Das sind hehre Ziele. Doch wer sie verwirklichen möchte, findet in Deutschland noch wenige Läden wie „Tante Olga“: Im Jahr 2018 zählte das Blog „Plastikfreiheit„ rund 50 verpackungsfreie Läden landesweit, allen voran in Metropolen wie Berlin und Köln. Doch der Trend greift um sich. Auch in mittelgroßen Städten wie dem niederrheinischen Moers und dem rheinland-pfälzischen Bad Kreuznach eröffnen demnächst erste Unverpacktläden.
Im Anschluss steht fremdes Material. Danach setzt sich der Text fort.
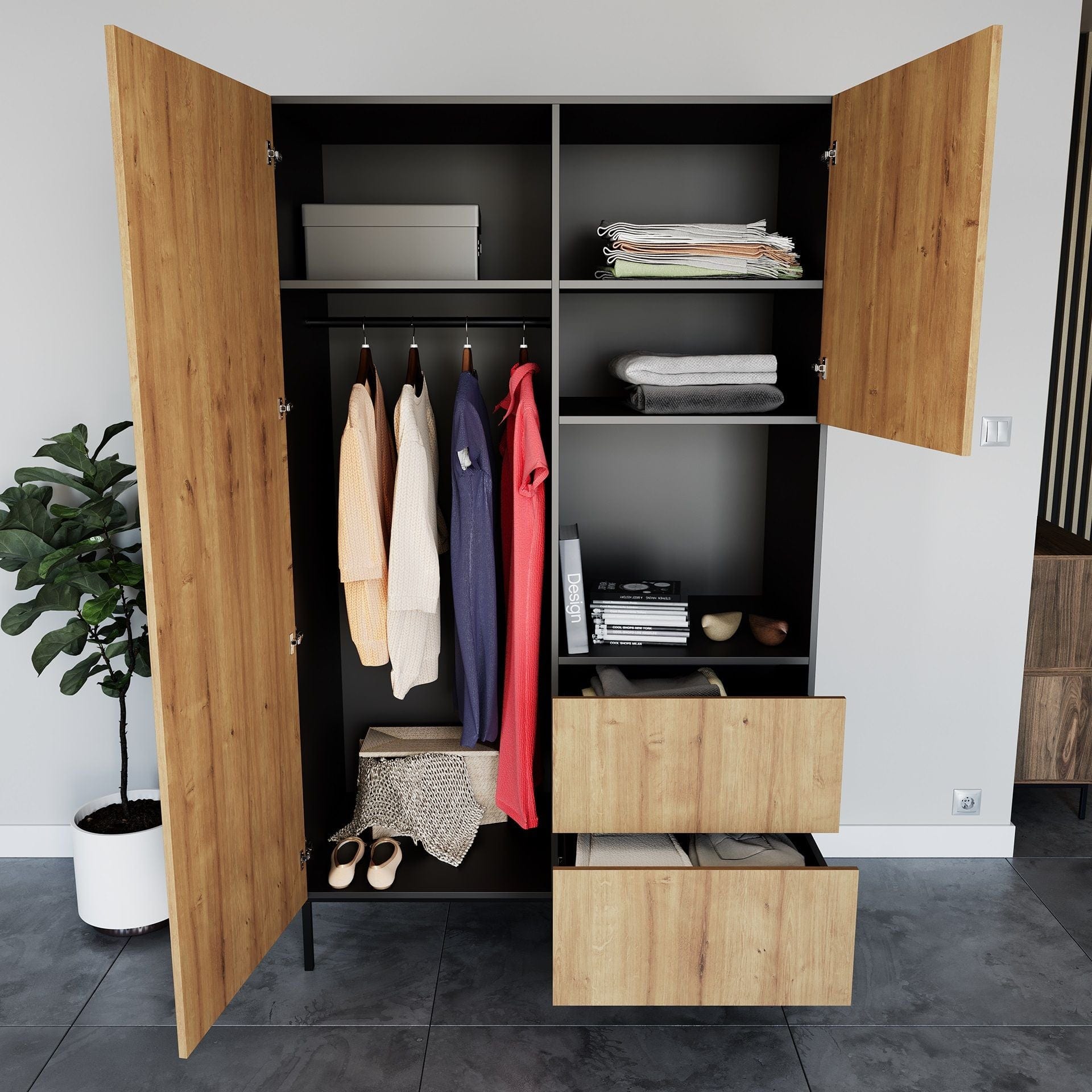 Eltap Dulap din MDF, cu 2 usi si 2 sertare, Lanzzi Stejar / Negru, l120xA60xH200 cm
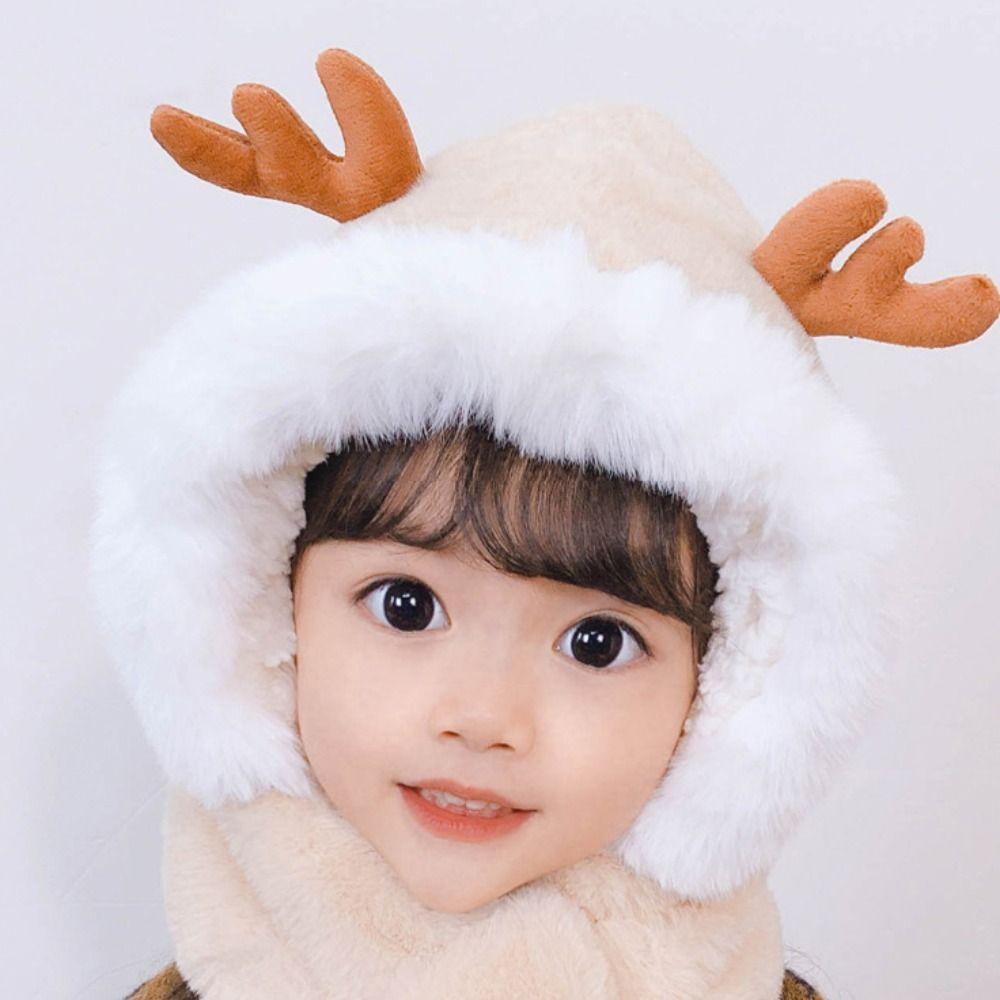 Knitting Children Plush Beanie Cloth Accessories Solid Neckerchief Cute Scarf Hat Set Girls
Großes Interesse, wenig Kaufbereitschaft

Der Trend entspricht einem Kundenbedürfnis. 71 Prozent der Bundesbürger finden das Konzept gut, zeigt eine repräsentative Umfrage des Meinungsforschungsinstituts Splendid Research aus dem vergangenen Jahr. Allerdings hatten bis dahin nur acht Prozent der Befragten in einem Unverpacktladen eingekauft.

Ein Grund dafür liegt offenbar in der fehlenden flächendeckenden Präsenz, die auch mit stetigen Neueröffnungen solcher Geschäfte nicht geschlossen werden kann. Immerhin geben 51 Prozent der Befragten an, keinen Unverpacktladen in ihrer Nähe zu haben.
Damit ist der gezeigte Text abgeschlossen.